_DATA SUPPLIED:_
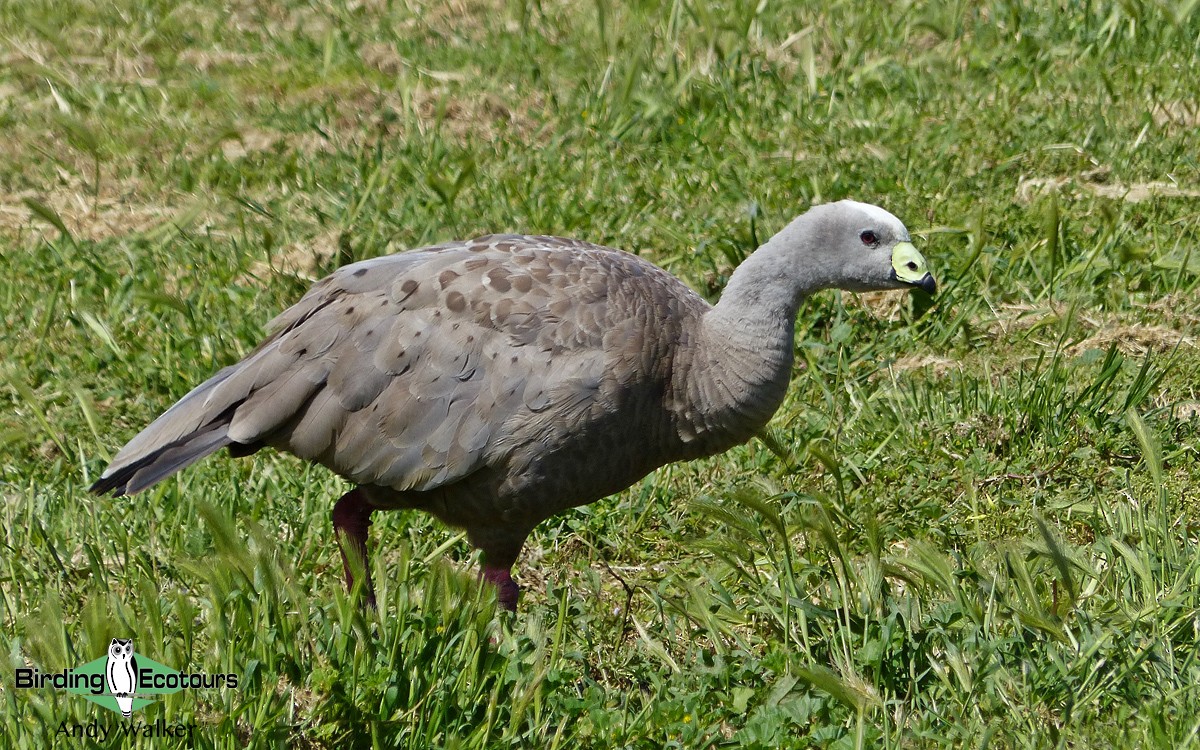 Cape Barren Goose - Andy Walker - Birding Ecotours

--

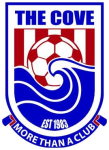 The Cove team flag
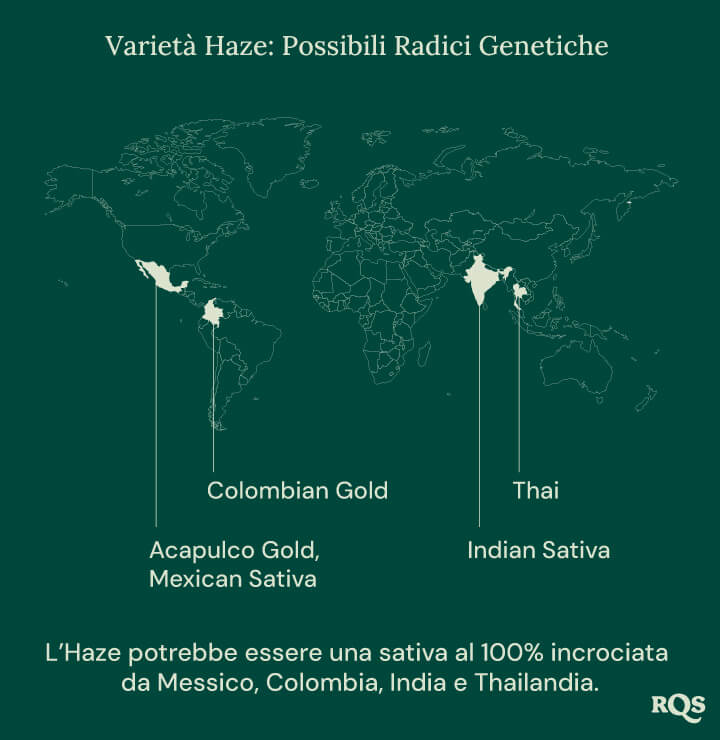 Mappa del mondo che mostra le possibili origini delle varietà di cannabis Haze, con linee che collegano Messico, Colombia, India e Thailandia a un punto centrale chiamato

_PROBLEM DESCRIPTION:_
The expected output is the lines above from the one containing "The Cove team flag" to the one containing "Mappa del mondo", both ends included, reproduced exactly with every picture left out.

_TASK ANSWER:_
 The Cove team flag
 Mappa del mondo che mostra le possibili origini delle varietà di cannabis Haze, con linee che collegano Messico, Colombia, India e Thailandia a un punto centrale chiamato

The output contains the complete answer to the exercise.